Девриньи отчего-то виновато пожал плечами:

– Вы же знаете, генерал, тогда на всех нашло какое-то сумасшествие, все вообразили вас врагом нации. Но в то время повсюду видели заговоры. Поменьше надо было верить нашим предводителям… Они все нас обманывали друг за другом. А время показало: правы были вы. И вот вы опять здесь. И смотрите, как все переменилось: тогда весь Париж искал вашей смерти, а теперь он вас приветствует! Тот же самый народ…

– Нет, – помрачнел Лафайет, – не тот же самый. Но народ. Другой. Того уже нет, те все уже умерли. Кроме нас с вами. Пойдемте со мной, Девриньи, поможете мне устроиться в наших старых апартаментах… И, как видите, моя кокарда снова на месте, – он поправил на шляпе трехцветную кокарду, – а белых кокард больше не будет…

– Разрешите показать вам ваш кабинет, господин генерал, – чиновник мэрии слегка поклонился.

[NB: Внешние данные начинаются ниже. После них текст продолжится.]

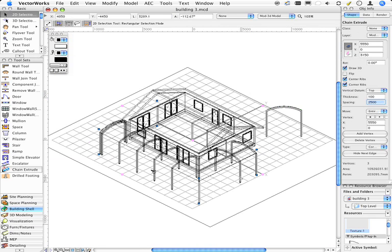If you want to, you can break this apart using your ungroup command, and you can change textures on different parts. The chain extrude's very good to get started with a quick 3D model.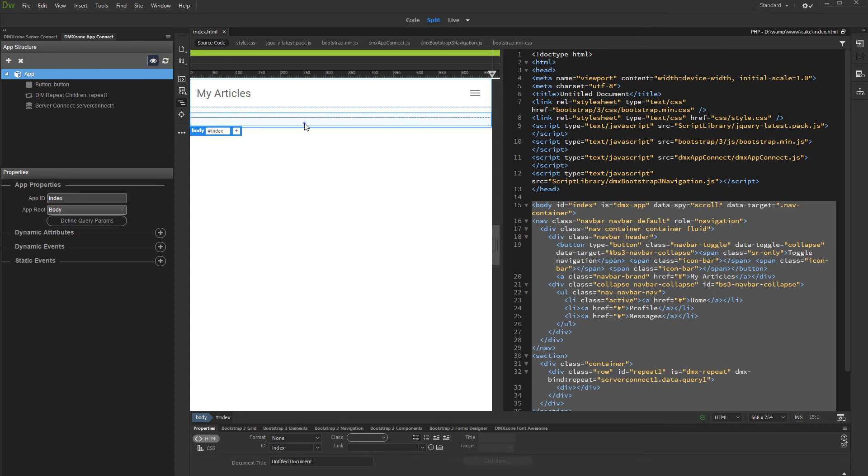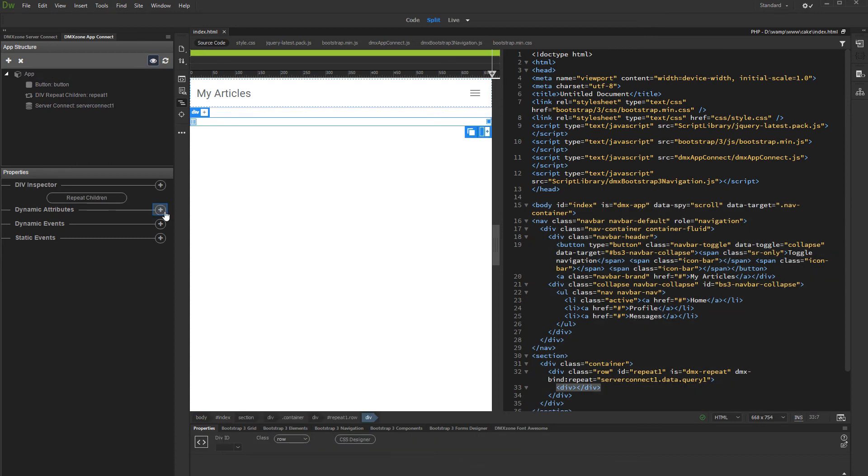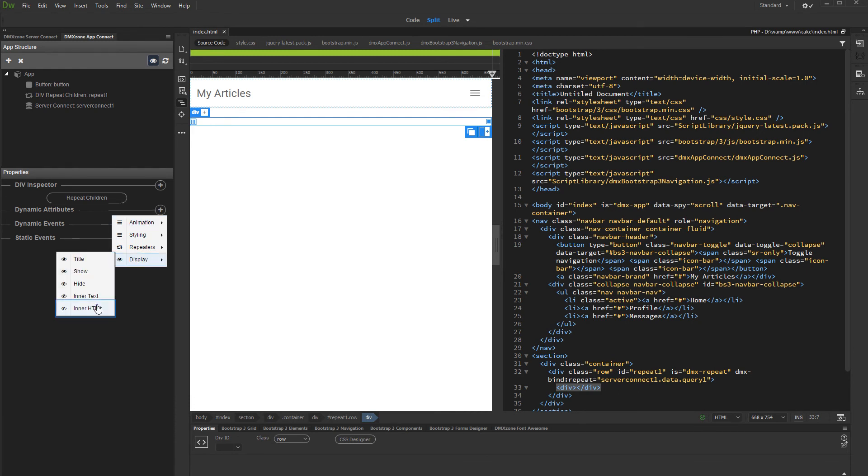Select the empty container and add a dynamic attribute. Open the display menu and select inner HTML.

– Не утруждайте себя напрасно, я хорошо знаю свой кабинет. Как и этот дом. Я здесь был хозяином, когда вас еще тут в помине не было, – и, махнув рукой, Лафайет в сопровождении своей свиты, в которую включился и Девриньи, довольно бодро, лишь слегка раскачивающейся походкой, направился к противоположному концу залы.